By Tom Rivers, Editor Posted 10 August 2013 at 12:00 am

Previous sign was smashed by a motorist in December

Photos by Tom Rivers – Neal Muscarella carries a shovel of mortar to help build a new base for the sign at Mount Albion Cemtery. Muscarella located the big piece of stone for the sign and has built the base using stone from the old sign as well as old curbs in the village.

The previous sign at Mount Albion Cemetery as it looked last October. The new sign is a bigger than the old one.

ALBION – After about eight months with no sign leading to Albion’s historic cemetery on Route 31, Mount Albion now has a stone sign matching the sandstone character of the site.

Neal Muscarella, an Albion mason, located the stone for the village, and he has worked to build a sandstone base for the sign. Brigden Memorial in Gaines put the lettering the sign.

It’s been an eight-month ordeal for the village, haggling with a motorist’s insurance company and trying to find enough of the old stone to rebuild the sign.

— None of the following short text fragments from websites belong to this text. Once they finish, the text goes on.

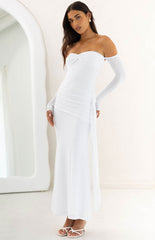 Breanna White Long Sleeve Ruched Maxi Dress
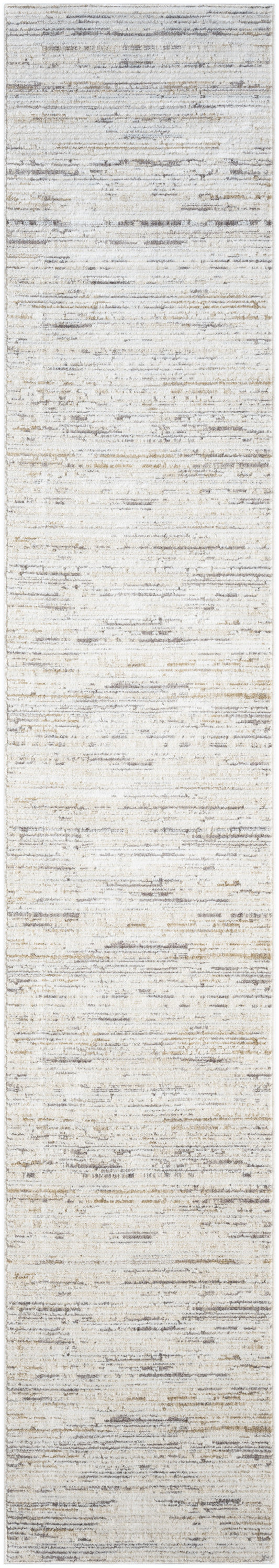 Neutral rug runner with cream, beige & gray tones, subtle distressed horizontal lines & soft woven texture.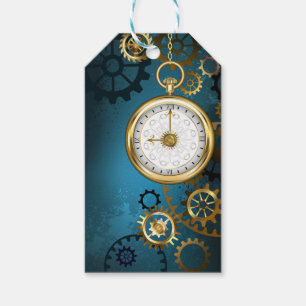 Étiquettes-cadeau Steampunk Arrière - plan turquoise avec Gears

A driver smashed the sandstone sign outside Mount Albion last December. Village officials didn’t want to put up a wooden sign. They made the extra effort to find a big piece of stone for the gateway into Mount Albion, which is listed on the National Register of Historic Places.

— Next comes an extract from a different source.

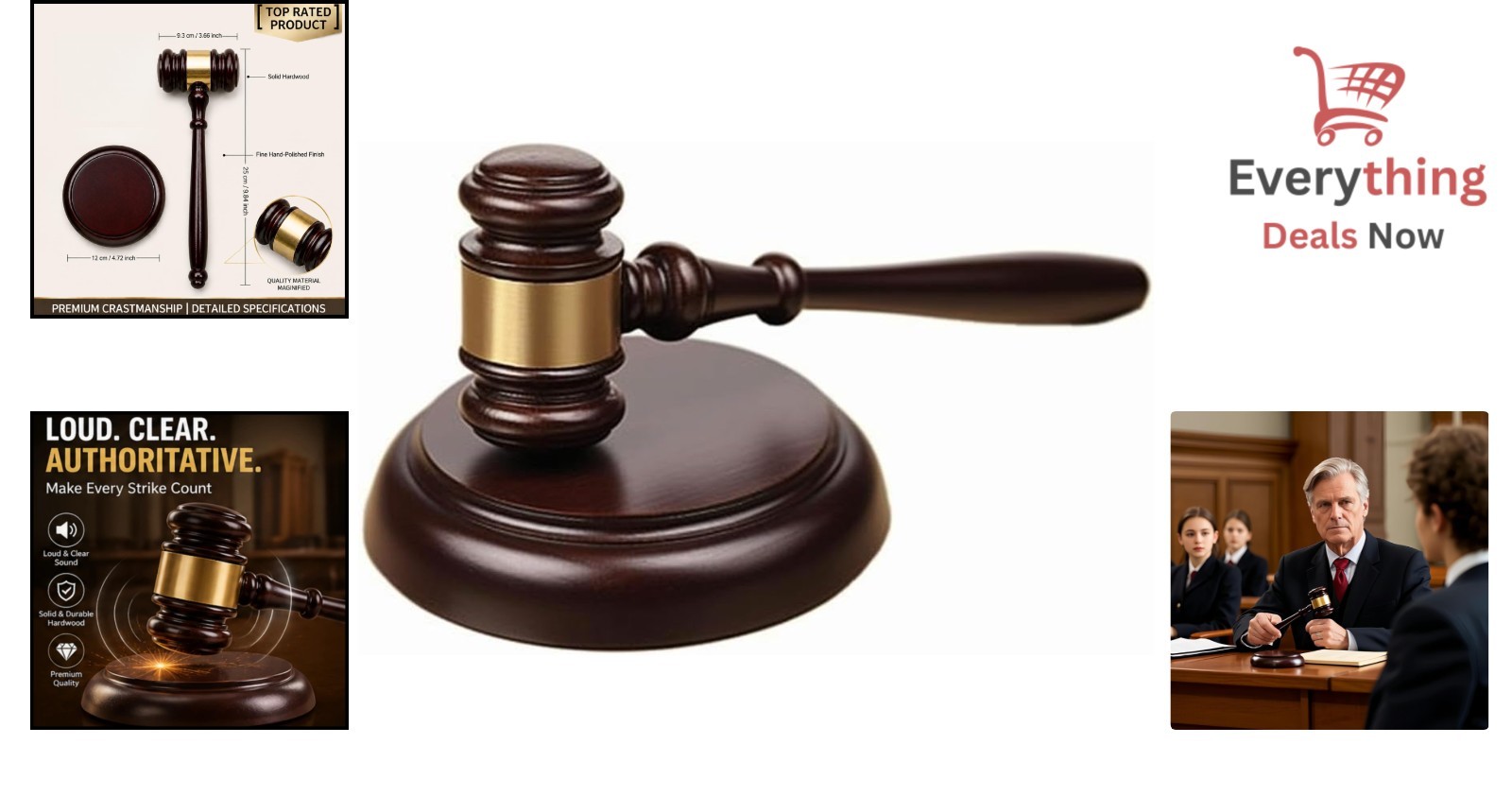 Wooden Gavel and Sound Block Set Wine Red Judge Law Court Auction Gift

Muscarella was able to reuse some of the pieces from the old sign for the base. But many of the pieces were broken. The village Department of Public Works had a pile of old sandstone curbs, and Muscarella was able to cut and face some of those pieces to build a new base for the sign.

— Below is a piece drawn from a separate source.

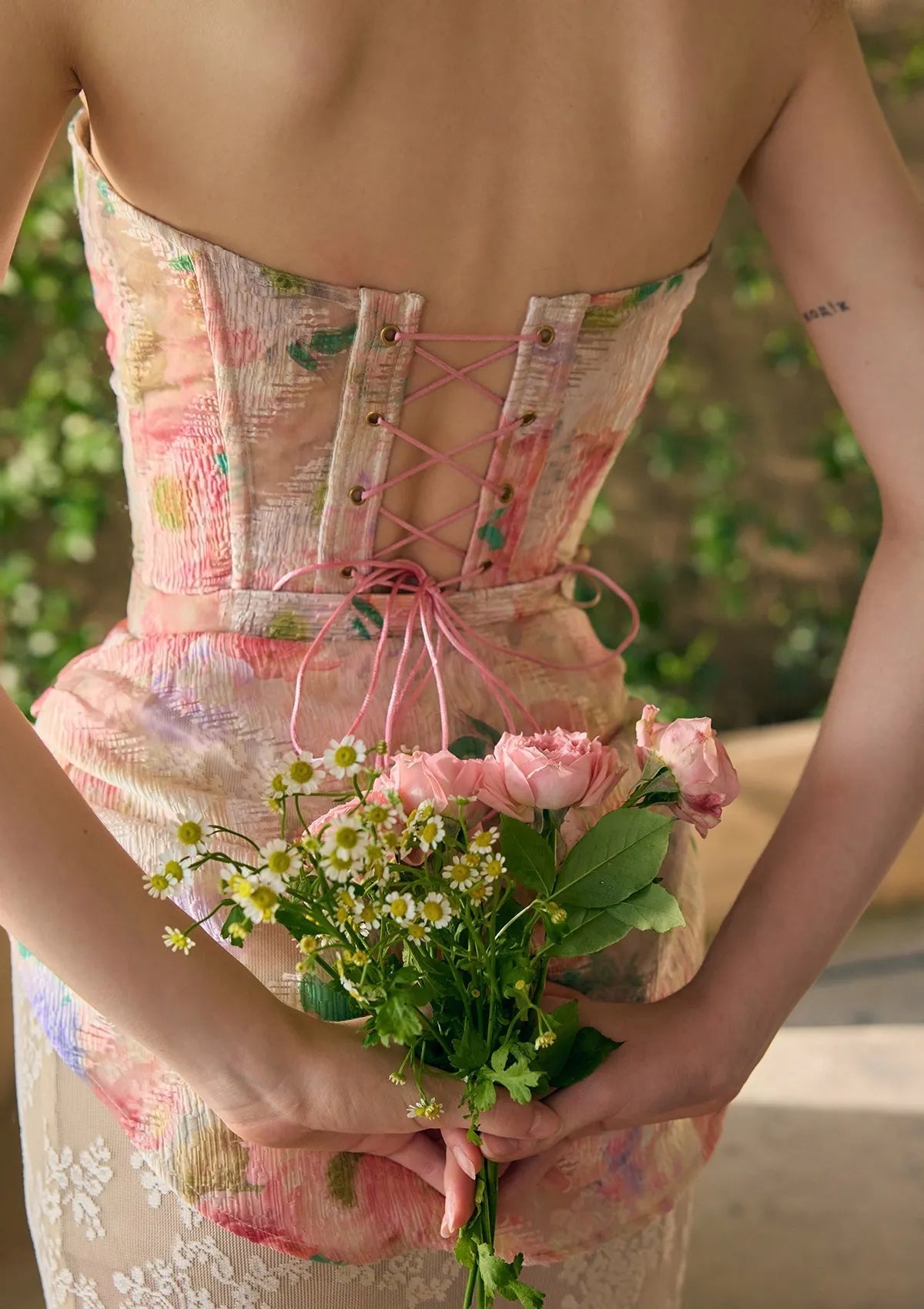 Florence Floral Mirror Corset Skirt Set Flowering Girl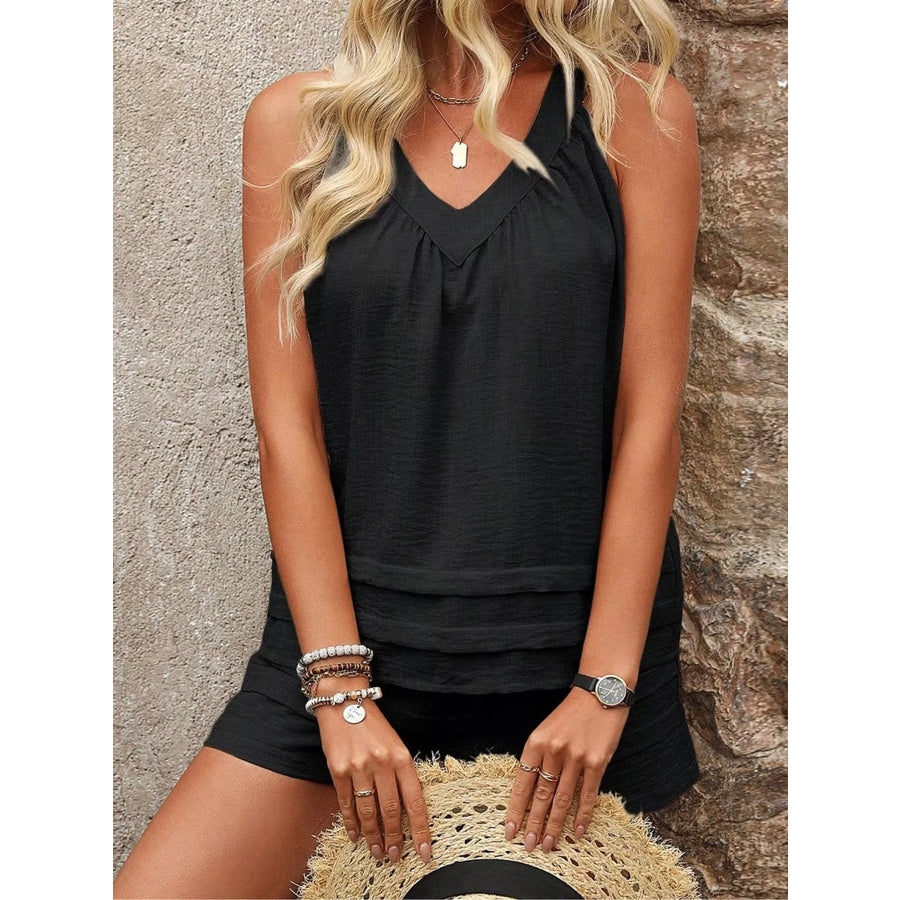 V-Neck Sleeveless Tank and Shorts Two-Piece Set Black 11360 / S Apparel Accessories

The new sign will be bigger than the old one. I give the village a lot of credit for utilizing sandstone for the sign, and not taking the easy way out with a wooden sign. We’re also lucky we still have a guy around like Muscarella, who knows how to cut the stone like the quarrymen from more than a century ago.

Neal Muscarella of Albion builds a wall of sandstone for the base of the new sign at Mount Albion Cemetery. It took the village several months to find the stone to create the sign.